|Planta Med. 2008 Jun;74(8):867-9. |
|Inhibitory constituents of lipopolysaccharide-induced nitric oxide production in BV2 microglia isolated from Amomum tsao-ko.[Pubmed: 18523923]|
|A methanolic extract of the fruits of AMOMUM TSAO-KO (Zingiberaceae) significantly attenuated nitric oxide production in lipopolysaccharide-simulated BV2 microglia.|
METHODS AND RESULTS:
Two new bicyclic nonanes characterized as 6,7-dihydroxy-indan-4-carbaldehyde ( 1) and 6-hydroxy-indan-4-carbaldehyde ( 2) were isolated with the eleven known compounds 6,7-dihydroxy-3,7-dimethyloct-2-enoic acid ( 3), tsaokoin ( 4), isotsaokoin ( 5), 8-oxogeraniol ( 6), P-menth-1-ene-5,6-diol ( 7), 3alpha-hydroxycarvotagenone ( 8), tsaokoarylone ( 9), 1,7-bis(4-hydroxy-3-methoxyphenyl)-4,6-heptadien-3one ( 10), (+)-hannokinol ( 11), meso-Hannokinol ( 12) and hannokinin ( 13), from the fruits of A. TSAO-KO using bioactivity-guided fractionation.
All thirteen compounds significantly inhibited lipopolysaccharide-induced nitric oxide production in BV2 microglial cells at concentrations ranging from 1 microM to 100 microM.
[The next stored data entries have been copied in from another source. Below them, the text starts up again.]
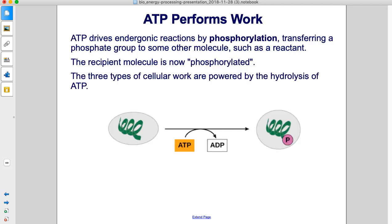ATP performs work. ATP drives endergonic reactions by phosphorylation, transferring a phosphate group to some other molecule, such as a reactant. The recipient molecule is now phosphorylated. The three types of cellular work are powered by the hydrolysis of ATP.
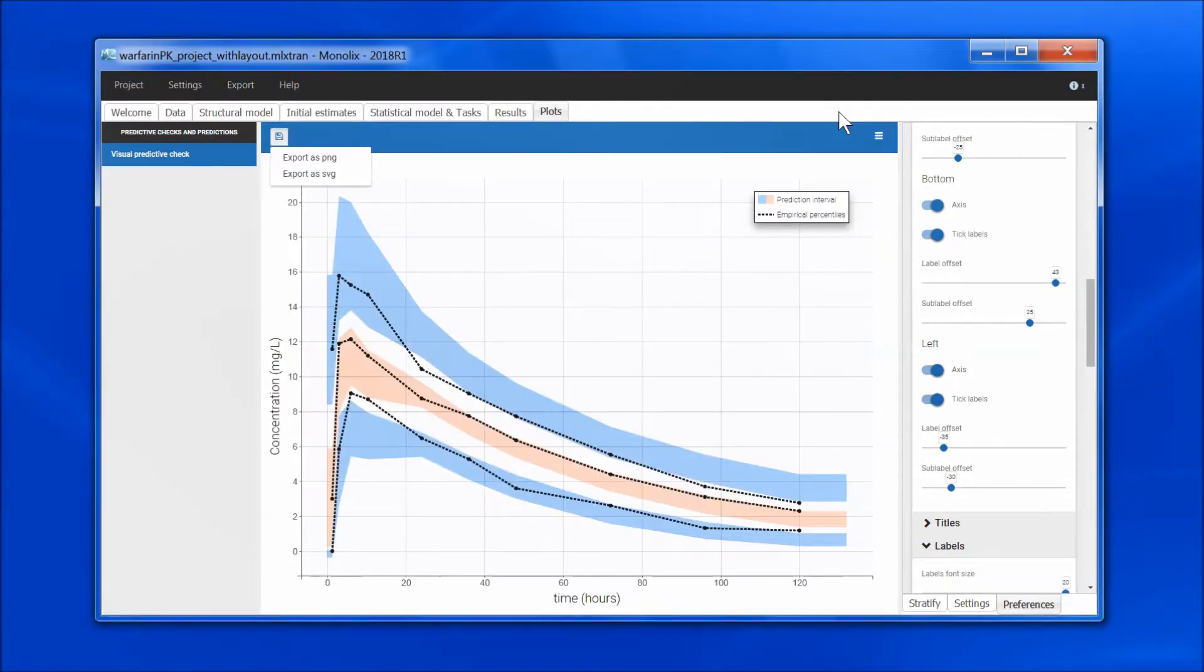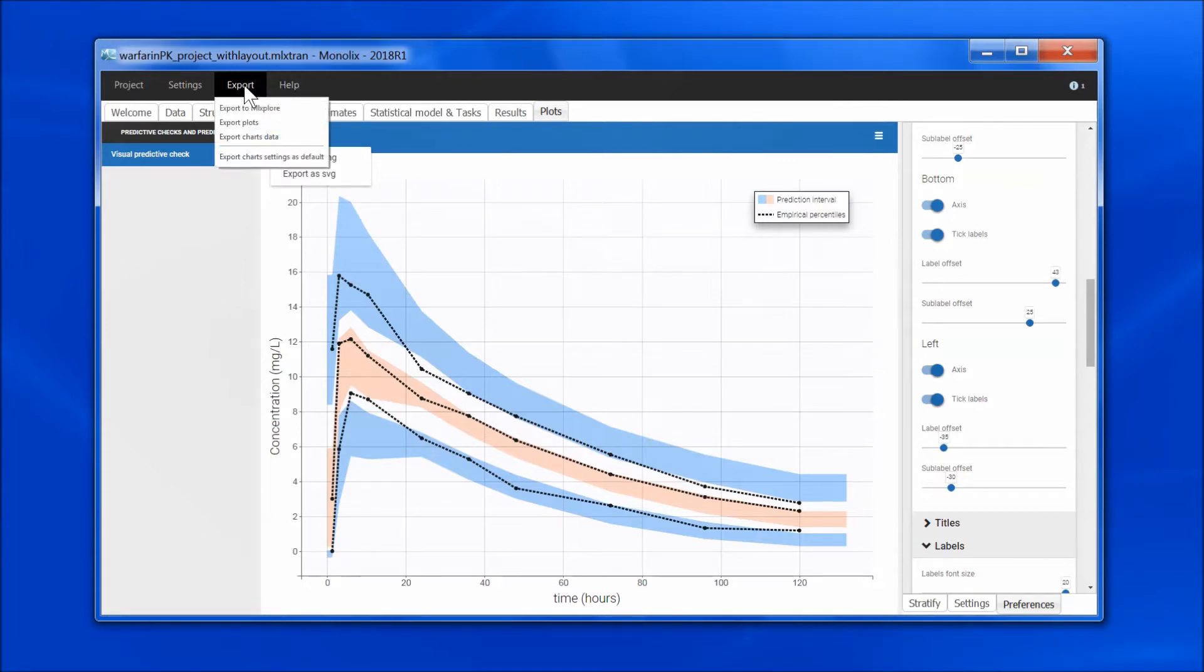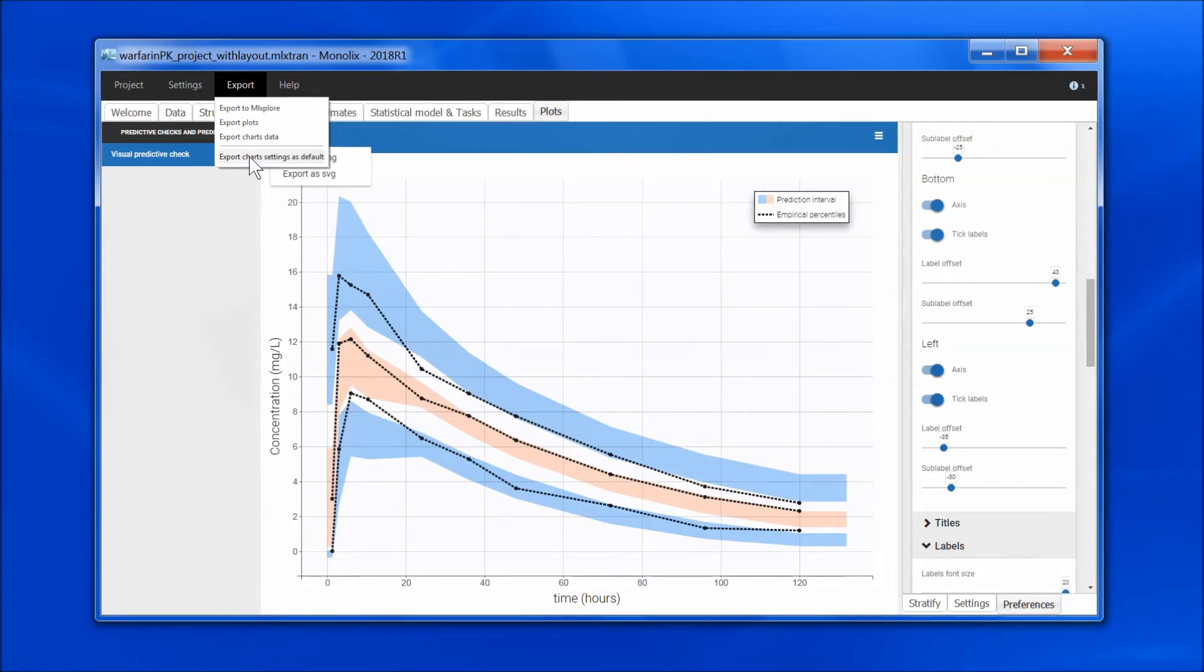I can also choose to set the preferences as default for all projects by going to export, export chart settings as default. This saves the file in the Lixir folder in your home directory, and you can send it to colleagues to share it as part of the corporate style guide for instance.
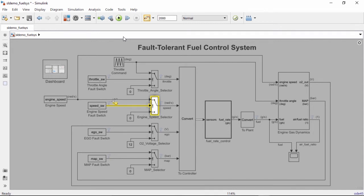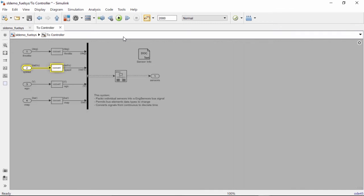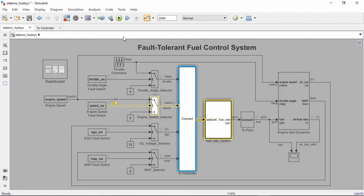When you reach a subsystem or model block, you can trace the signal down into it. When you reach an inport or outport, you can navigate out to a higher level of hierarchy if you're not at the top level of the model.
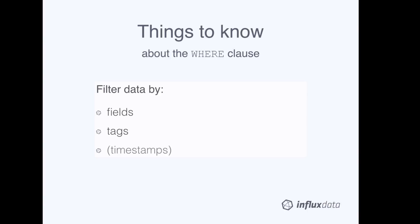When you filter fields in the WHERE clause, the system has to scan every single relevant field value. But when you filter tags in the WHERE clause, the system doesn't have to scan every single relevant tag value. So, in general, the query that filters tags will be faster.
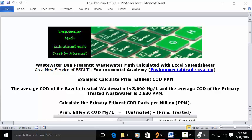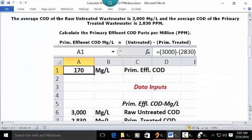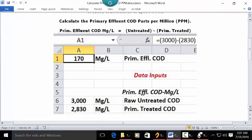This is a simple math problem where we just take the raw untreated wastewater value and subtract the primary treated wastewater value, and we ultimately have the primary effluent COD. So let's go to a blank Excel spreadsheet and see how we can put this in there.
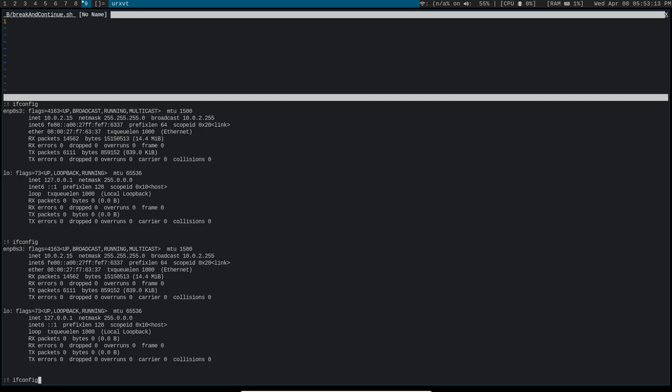And you can even use pipes. So if I wanted to run this ifconfig, I might want to pipe it into grep and grep for the keyword inet. Because as you can see here, typically all you want from an ifconfig are these inet lines, because they have your IP address and your network mask.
|Food Funct. 2014 Aug;5(8):1747-54. |
|Bioactivity evaluation of ingredients identified from the fruits of Amomum tsaoko Crevost et Lemaire, a Chinese spice.[Pubmed: 24915829]|
METHODS AND RESULTS:
In this work, a phytochemical investigation was conducted on Amomum tsaoko Crevost et Lemaire, a traditional Chinese spice. Based on spectroscopic methods including MS, (1)H-NMR, (13)C-NMR, DEPT135 and HMQC spectroscopy, eight main chemical compositions, sitosterol, daucosterol, meso-Hannokinol, quercetin, epicatechin, quercetin-7-O-β-glucoside, quercetin-3-O-β-glucoside, and catechol, were isolated and identified from A. tsaoko, among which quercetin, quercetin-7-O-β-glucoside and quercetin-3-O-β-glucoside were first found in A. tsaoko.
Their bioactivities were evaluated by the inhibitory effect on NO production in LPS-stimulated macrophage RAW 264.7 cells, the protective effect on H2O2-induced apoptosis of PC-12 cells and the DPPH radical scavenging assay.